A student writes the proton-transfer reaction $\mathrm{HNO_2(aq) + OH^-(aq) \rightarrow NO_2^-(aq) + H_2O(l)}$. Which species is the Brønsted–Lowry acid?
$\mathrm{H^+}$
$\mathrm{NO_2^-}$
$\mathrm{OH^-}$
$\mathrm{HNO_2}$
$\mathrm{H_2O}$
Explanation
This question assesses the skill of introduction to acids and bases, focusing on the Brønsted–Lowry acid as the proton donor. In the reaction HNO₂(aq) + OH⁻(aq) → NO₂⁻(aq) + H₂O(l), proton transfer occurs from HNO₂ to OH⁻. HNO₂ loses H⁺ to become NO₂⁻, confirming it as the acid. This determines choice D as correct. A tempting distractor is B, OH⁻, but it accepts the proton, acting as the base, not the acid. Always track H⁺ transfer; the acid is the species that donates the proton in the reaction.
A student mixes aqueous hydrofluoric acid with water: $\mathrm{HF(aq) + H_2O(l) \rightleftharpoons H_3O^+(aq) + F^-(aq)}$. Which pair represents a conjugate acid–base pair in this reaction?
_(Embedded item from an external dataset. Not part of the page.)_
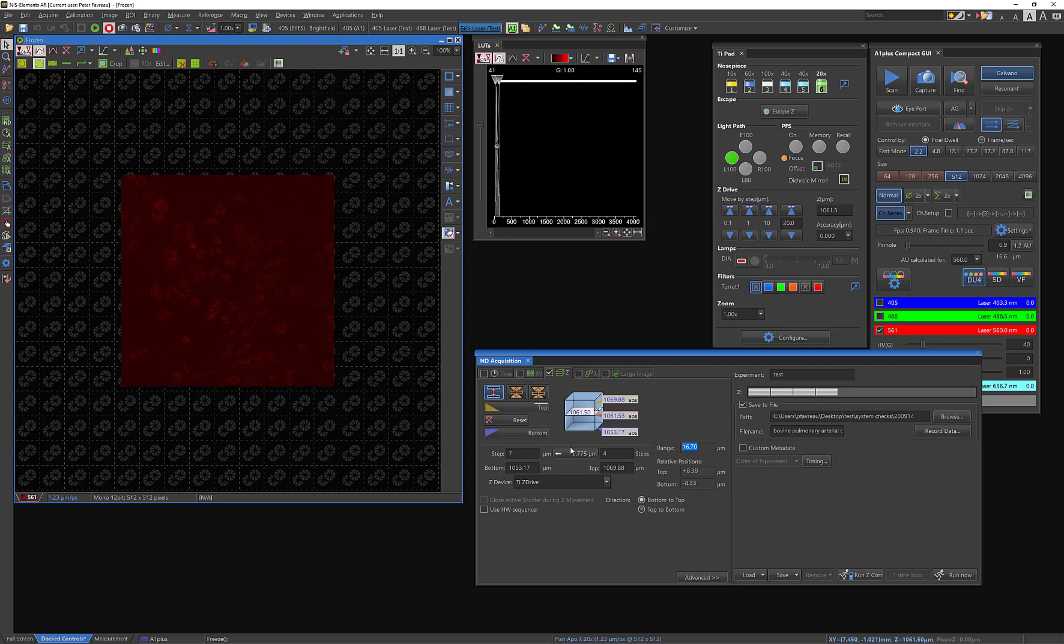And you can tell it to go a certain step size. So if I wanted to go 10 microns per step, you can do that, and it automatically rounds everything. So it'll take three steps, essentially, where the first step, it'll take an image, it's probably down here, and it'll take another step 10 microns from there, and it'll do some third step that's going to be about probably 6.7. So that's where those three steps are coming from.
$\mathrm{H_2O}$ and $\mathrm{F^-}$
$\mathrm{F^-}$ and $\mathrm{H_3O^+}$
$\mathrm{HF}$ and $\mathrm{F^-}$
$\mathrm{H_2O}$ and $\mathrm{H_3O^+}$
$\mathrm{HF}$ and $\mathrm{H_3O^+}$
Explanation
This question tests introduction to acids and bases focusing on identifying conjugate acid-base pairs. In the reaction HF(aq) + H₂O(l) ⇌ H₃O⁺(aq) + F⁻(aq), HF donates a proton to become F⁻, making HF/F⁻ a conjugate acid-base pair. Similarly, H₂O accepts a proton to become H₃O⁺, making H₂O/H₃O⁺ another conjugate pair. The question asks for one conjugate pair, and HF/F⁻ is correct because they differ by exactly one proton. Choice D (H₂O/H₃O⁺) is also a conjugate pair but represents the other half of the reaction. Remember that conjugate pairs always appear on opposite sides of the equation and differ by exactly one H⁺.